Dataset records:
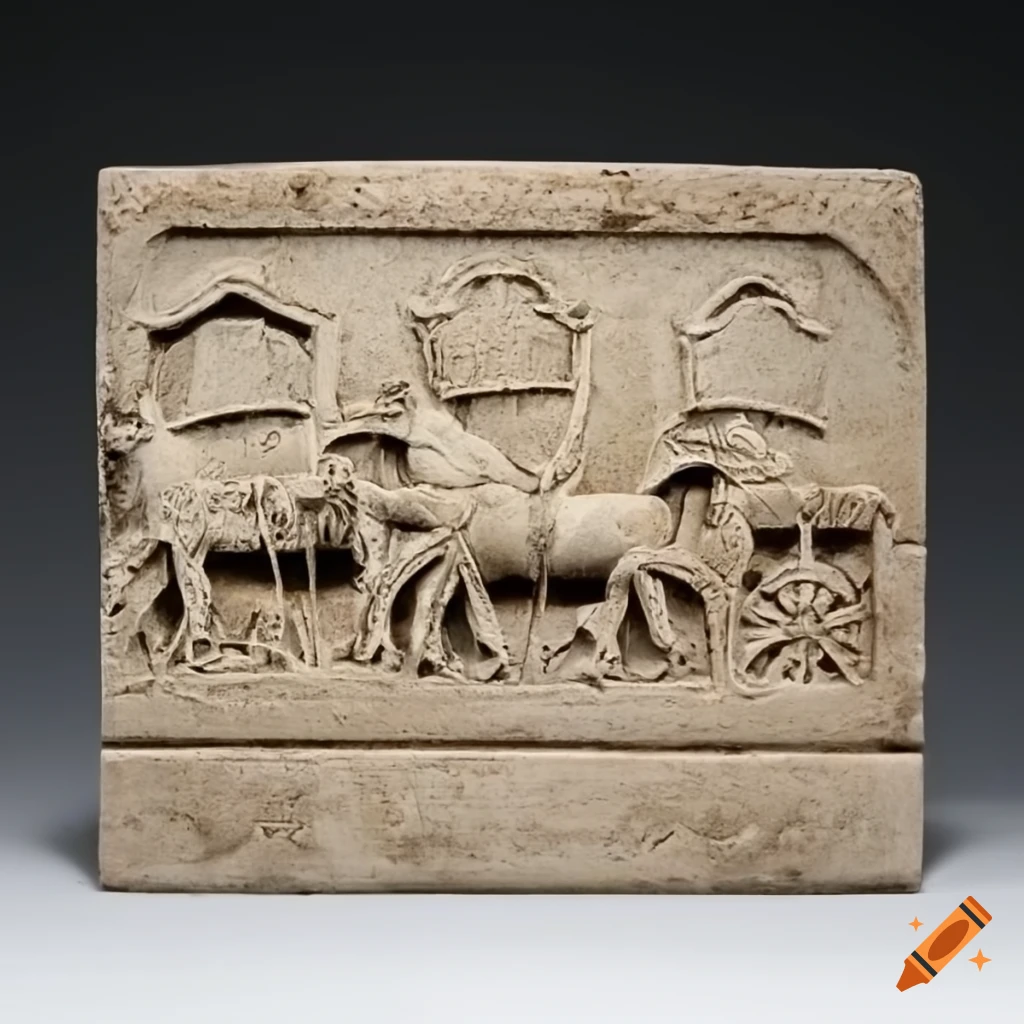 Greek stone relief of a carriage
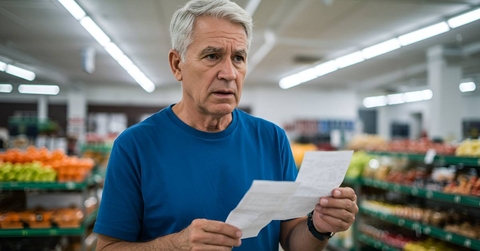 Worried senior man checks grocery bill in supermarket aisle looking shocked 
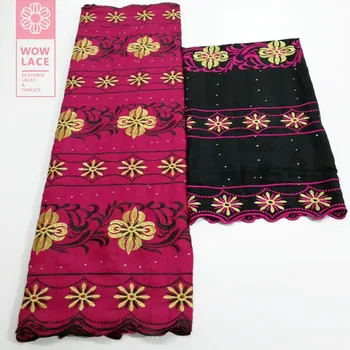 

2019 Swiss Cotton Jacquard 5+2 Yards Style African Lace Fabric With Stones Guipure Nigerian Women Rhinestones Sewing Fabrics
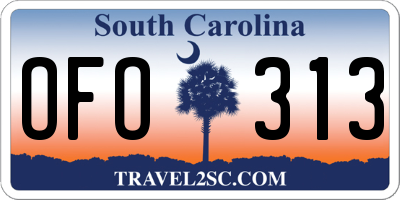 SC license plate OFO313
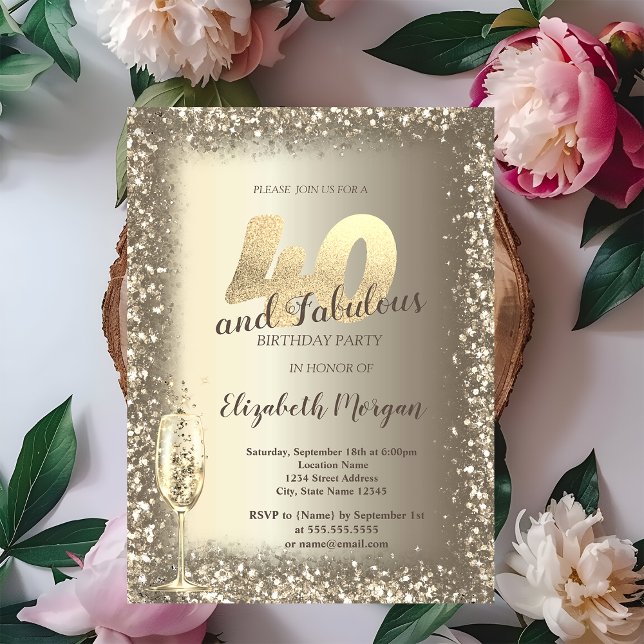 Invitation Cadre de luxe Champagne Verre Or Confetti 40e (Créateur téléchargé)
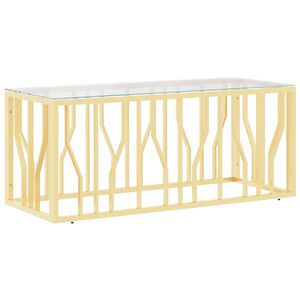 vidaXL Klubska mizica 110x45x45 cm nerjaveče jeklo in steklo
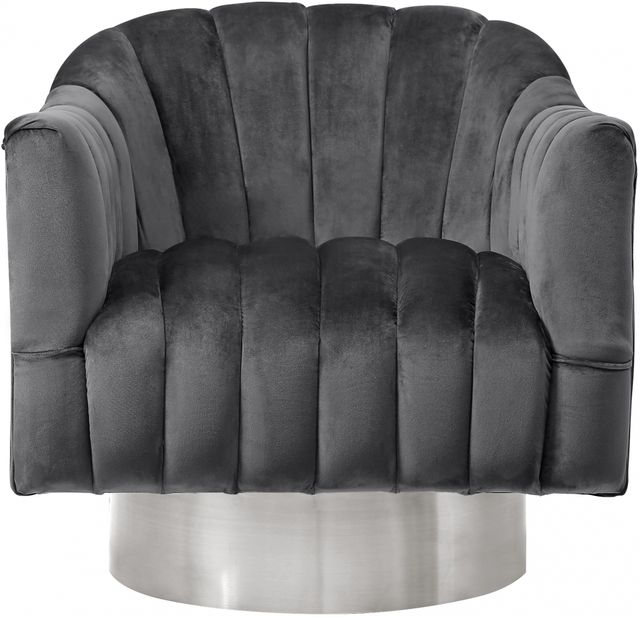 Meridian Furniture Farrah Grey/Chrome Velvet Swivel Chair-1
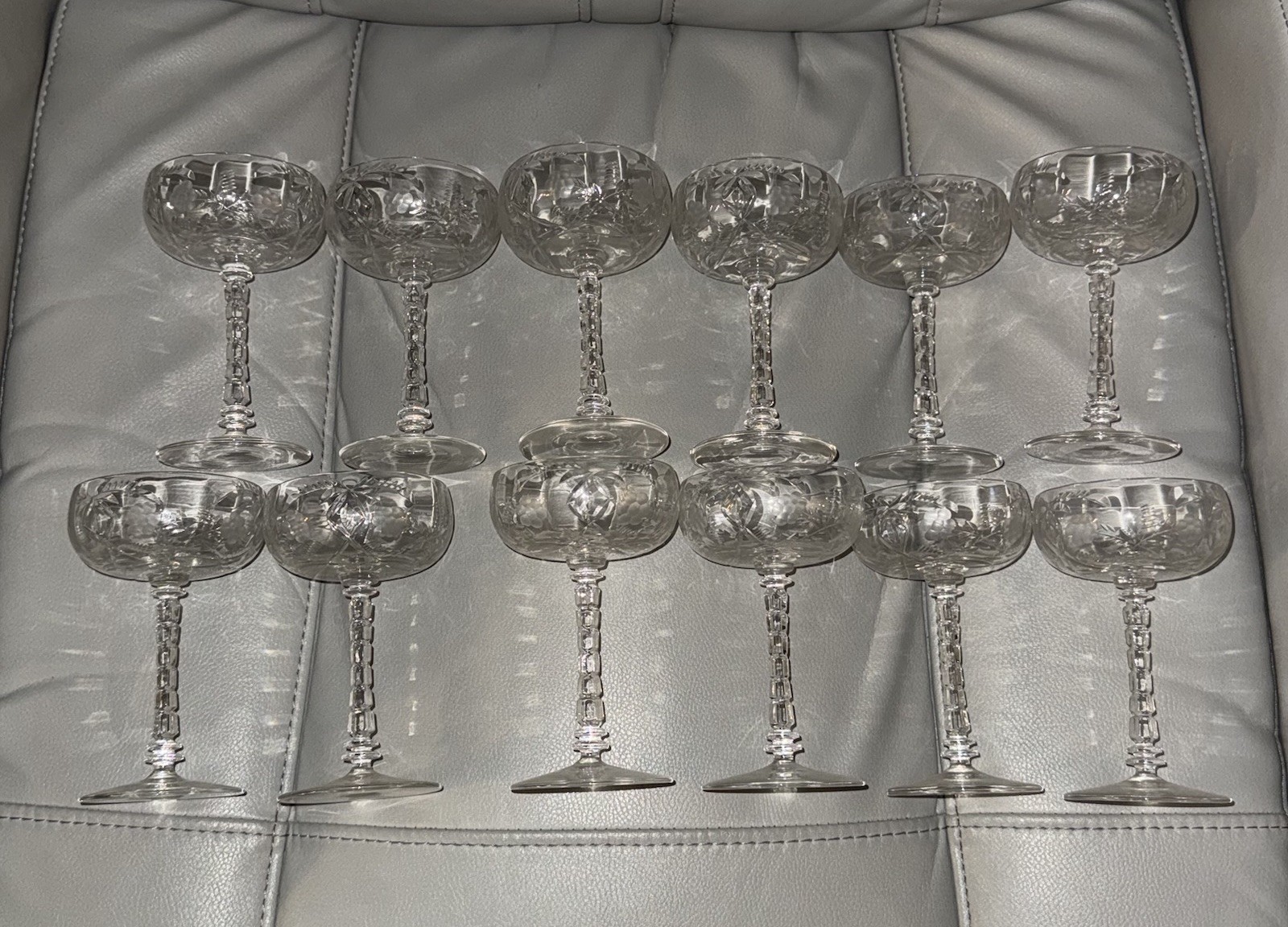 Alpine Rock Sharpe Set of 12 Etched Dessert Liquor Cocktail Glass 5 1/4\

Your instructions: All records above need to be returned exactly. Omit the pictures.

Task output:
 Greek stone relief of a carriage
 Worried senior man checks grocery bill in supermarket aisle looking shocked 

2019 Swiss Cotton Jacquard 5+2 Yards Style African Lace Fabric With Stones Guipure Nigerian Women Rhinestones Sewing Fabrics
 SC license plate OFO313
 Invitation Cadre de luxe Champagne Verre Or Confetti 40e (Créateur téléchargé)
 vidaXL Klubska mizica 110x45x45 cm nerjaveče jeklo in steklo
 Meridian Furniture Farrah Grey/Chrome Velvet Swivel Chair-1
 Alpine Rock Sharpe Set of 12 Etched Dessert Liquor Cocktail Glass 5 1/4\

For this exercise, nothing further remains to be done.